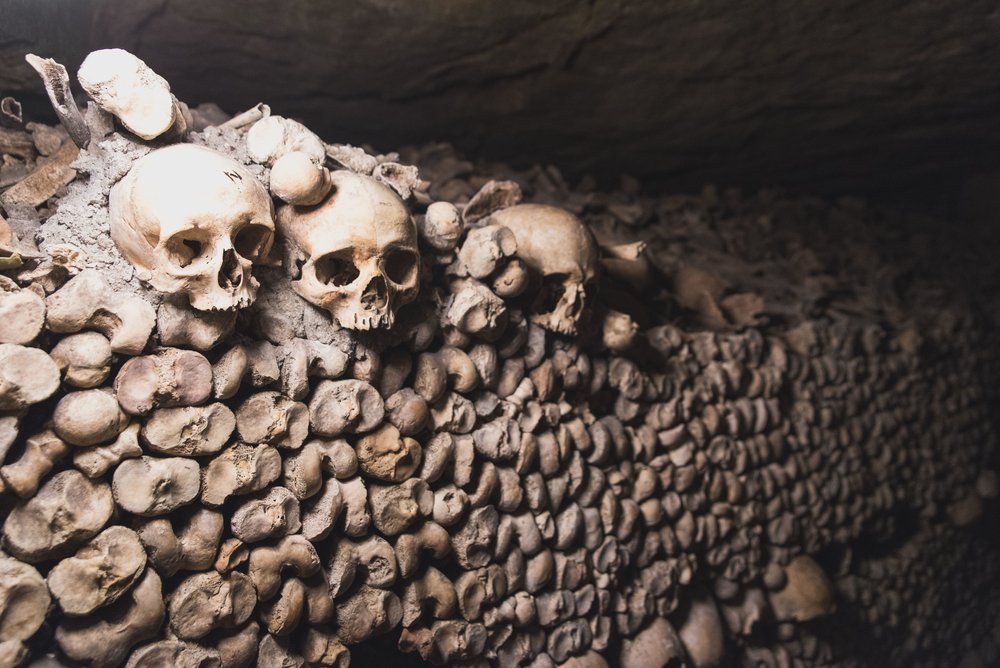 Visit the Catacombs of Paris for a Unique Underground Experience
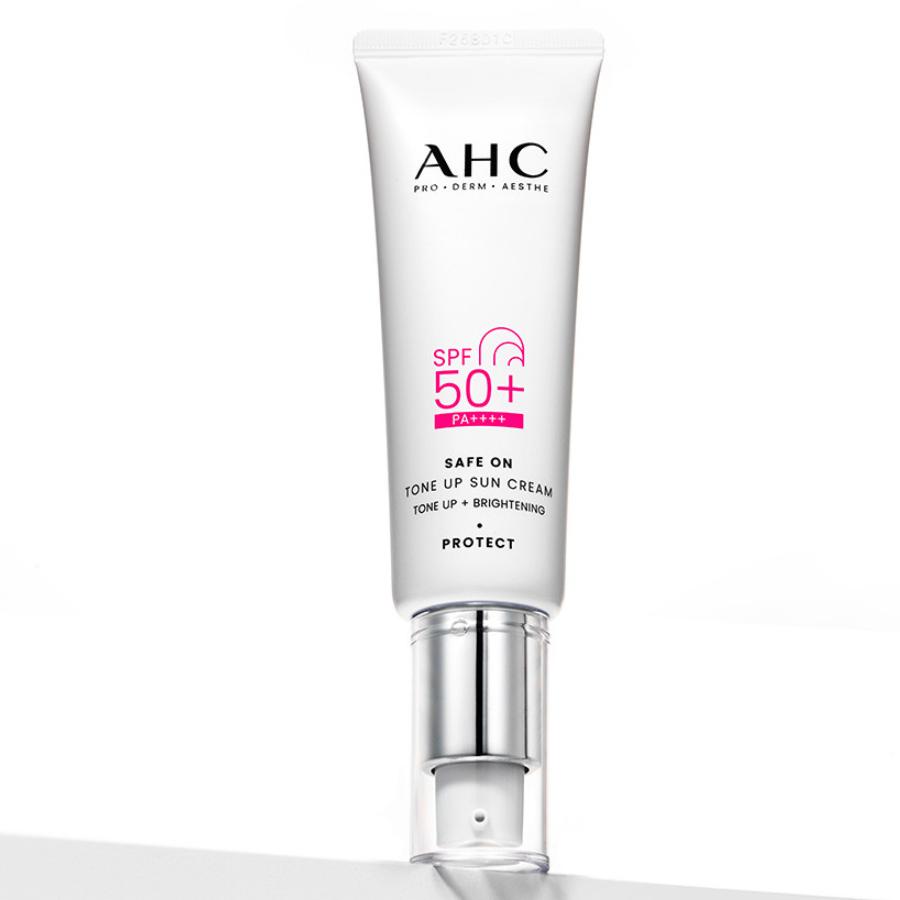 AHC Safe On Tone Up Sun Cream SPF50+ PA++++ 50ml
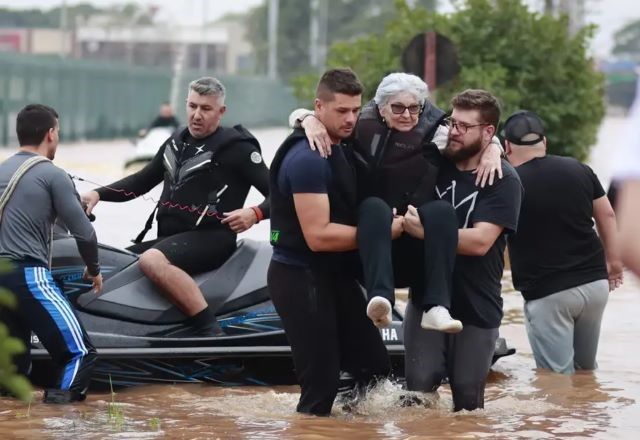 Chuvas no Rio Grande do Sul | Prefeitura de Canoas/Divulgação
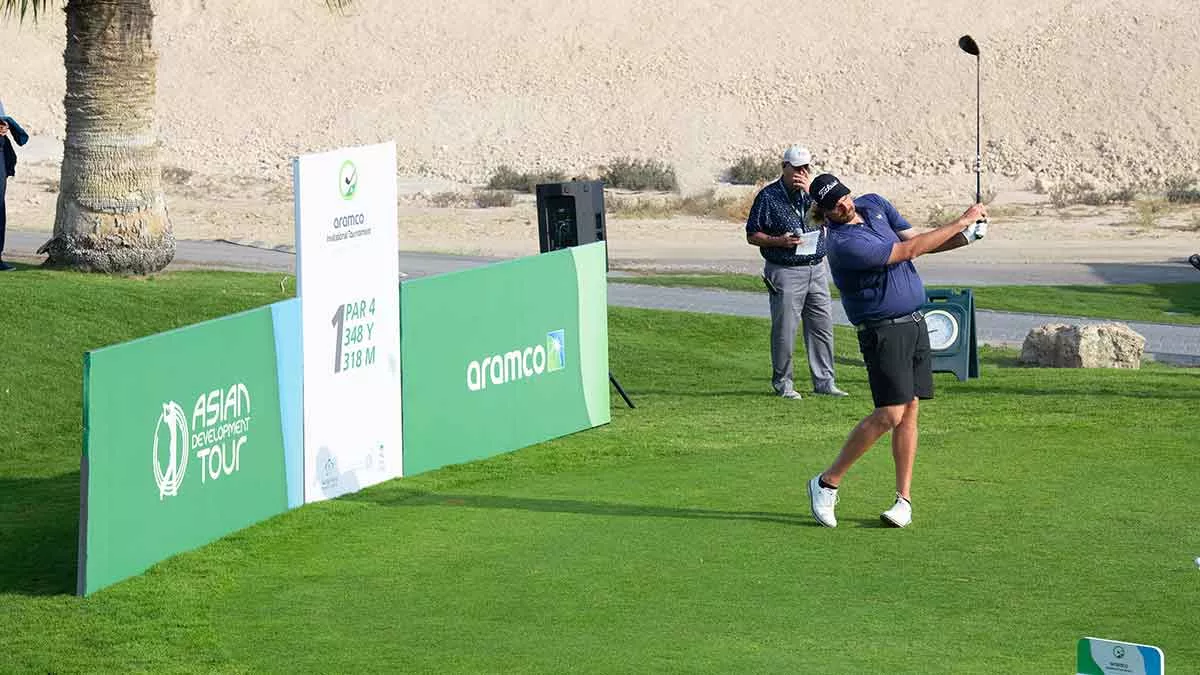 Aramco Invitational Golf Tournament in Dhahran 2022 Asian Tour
======
- **Problem to work on**
Word for word, restate the lines from the one containing "Chuvas no Rio" through the end of the listing, and nothing more. Skip the pictures.

- **Output**
 Chuvas no Rio Grande do Sul | Prefeitura de Canoas/Divulgação
 Aramco Invitational Golf Tournament in Dhahran 2022 Asian Tour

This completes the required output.